In addition, government and corporate agents continue to bribe, co-opt or coerce indigenous leaders and activists in order to get their way with our lands. Giant multi-national companies and State agencies install fake leaders, create sham organizations and hold mock consultations to acquire free, prior and informed consent that they would not get otherwise from Indigenous Peoples groups determined to resist corporate encroachment of indigenous lands. This results in disagreements and divisions within our communities, thus benefiting business interests. They seek to sow disunity among our ranks, even as we seek to unite.

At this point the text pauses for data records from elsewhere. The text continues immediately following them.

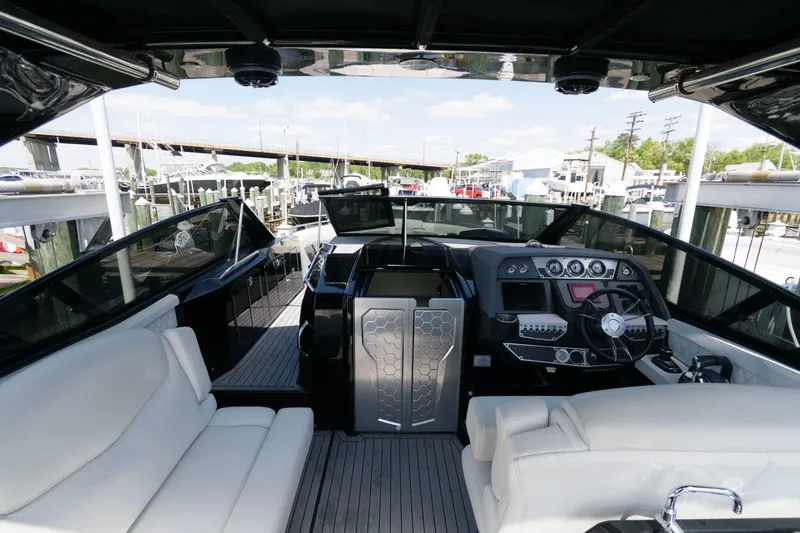 Slide: The Image of 2020 Cruisers Yachts 338 SS OB interior with modern helm and seating. - 11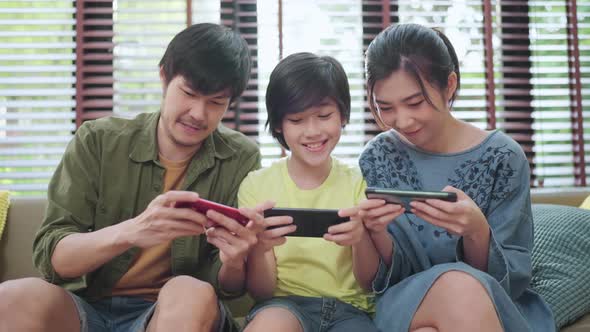 family quality time,asian parent and son sit relax playing game console smartphone at home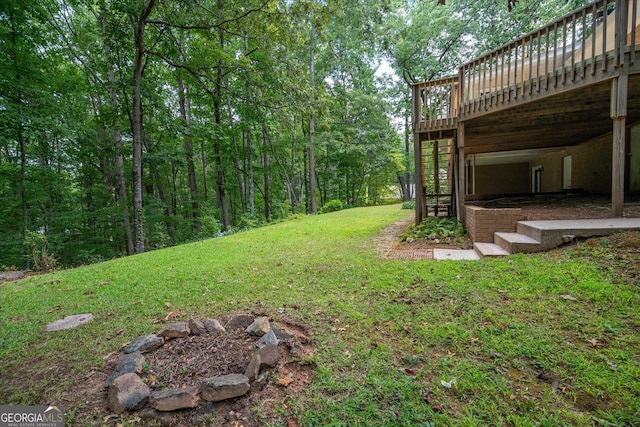 view of yard featuring a deck and stairs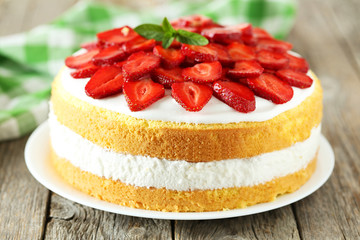 Sweet cake with strawberries on plate on grey wooden background
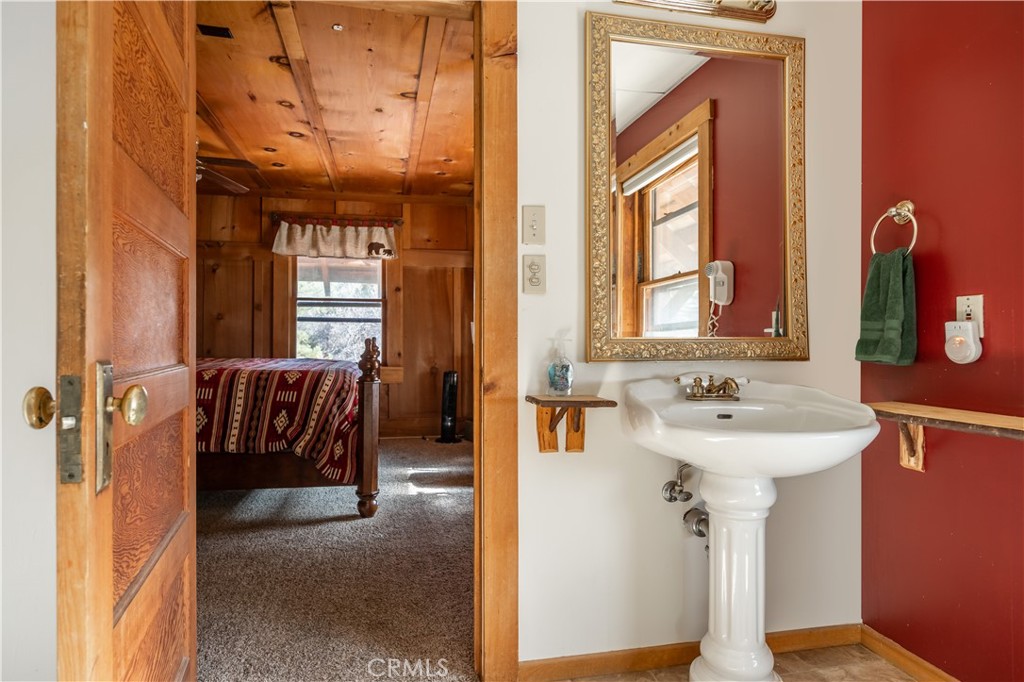 869 Knickerbocker Road Big Bear Lake, CA 92315 - Photo 24 of 50 a bathroom with a sink a mirror and next to a window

In the days, we expect more violations of our rights as Indigenous Peoples. We expect more underhanded maneuvers to divest us of our ancestral lands. We expect more corporate projects to encroach on our soil, as they try to gain more profits from our lands, sweat and blood. We expect repressive governments to unleash more and more of there dogs, snarling their way into our homes and communities and ultimately depriving us of our lives and freedoms.
Yet our situation is not hopeless. Millions of Indigenous Peoples are getting organized, while tens of millions more advocates are linking with us and supporting our cause. We have fought off gigantic companies like Oceana Gold in the Philippines from ravaging our forests and mountains. We have prevented dams like those in Baram, Sarawak from drowning our lands and us. We continue to seek justice for the victims of killings and harassment of indigenous rights activists and advocates. We have joined hands with other non-indigenous peoples in the battle against unjust neoliberal economic and other government policies, rising militarism, just wages, discrimination against women and other genders, and other peoples rights issues.
Our strength comes from our unity not just among ourselves as Indigenous Peoples, but in unity with other oppressed peoples all over the world. Our resistance grows as we struggle to defend what is rightfully ours. We grow strong, and we will continue to grow stronger. We will continue to strengthen our ranks and consolidate our forces as we struggle to defend, to our last breath, our right to determine our future, retain our lands and regain our lives.
We will not be complacent because of our victories. We will not cower from fear. We will not our take our oppression in silence. Together with other exploited peoples all over the world, we will not be moved; we will not be shoved down. We will fight back!